The Founding Fathers included the right to speedy trial in the Sixth Amendment for two purposes. First, they sought to prevent defendants from languishing in jail for an indefinite period before trial. Pre-trial incarceration is a deprivation of liberty no less serious than post-conviction imprisonment. In some cases, pretrial incarceration may be more serious because public scrutiny is often heightened, employment is interrupted, financial resources are diminished, family relations are strained, and innocent persons are forced to suffer prolonged injury to their reputation.
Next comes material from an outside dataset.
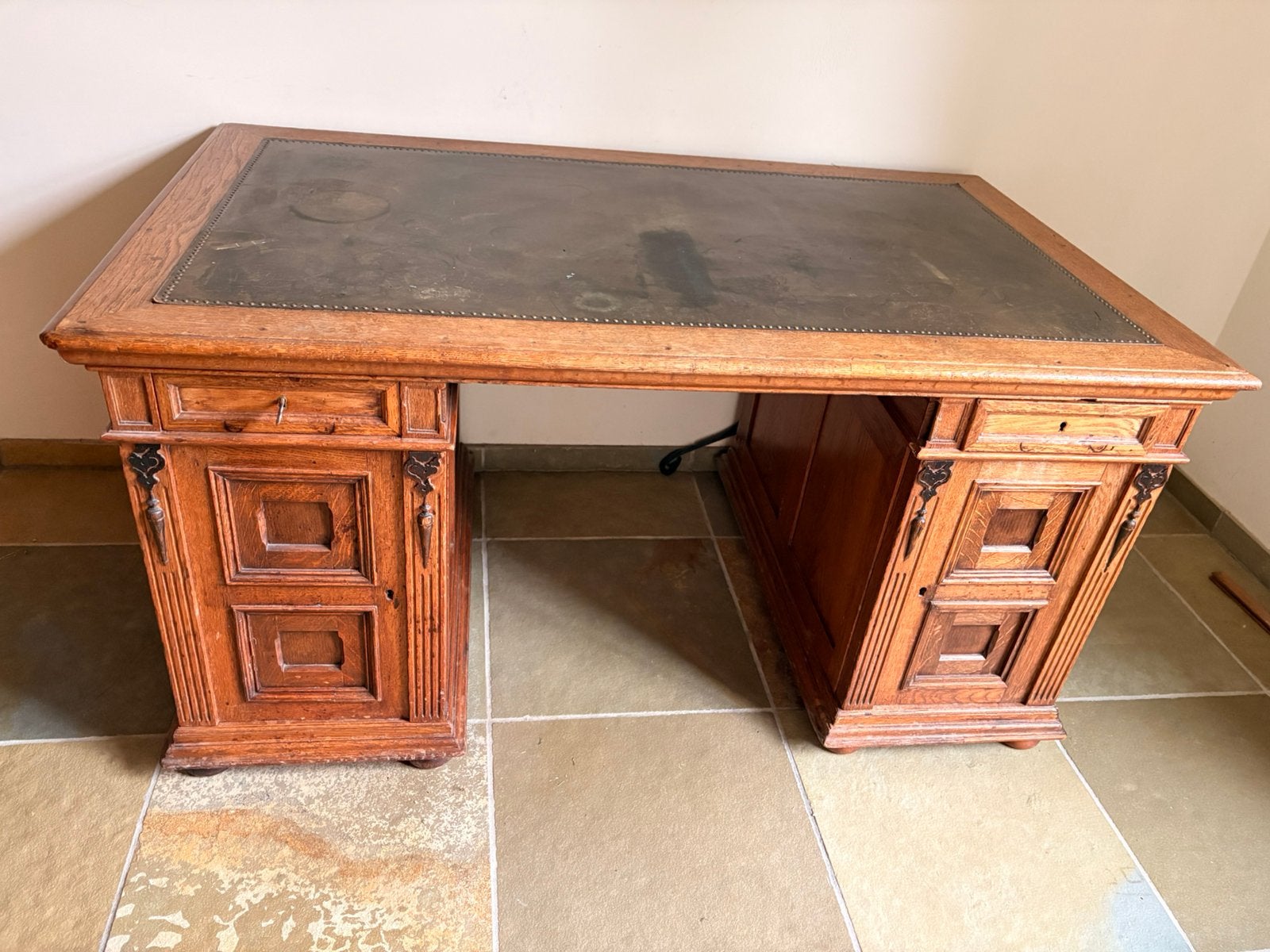 Antiek eiken bureau, Ophalen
Second, they sought to ensure a defendant’s right to a fair trial. The longer the commencement of trial is postponed, the more likely witnesses will disappear, memories will fade, and evidence will be lost or destroyed.

The issue of the state’s duty to provide funding for lawyers representing indigent defendants arises from the landmark US Supreme Court case of Gideon v. Wainwright. In this 1963 case, the Supreme Court unanimously ruled that state courts are required under the Fourteenth Amendment to provide counsel in criminal cases for defendants who are unable to pay for their own attorneys, extending the identical requirement made on the federal government under the Sixth Amendment.

Funding for indigent defense services, which has never been adequate, has been significantly reduced throughout the country because of budget cuts. As a result, attorneys for impoverished criminal defendants often have overwhelming caseloads and grossly inadequate resources.

The Court’s decision in Boyer v. Louisiana serves to subvert both the right to a speedy trial and the right to counsel.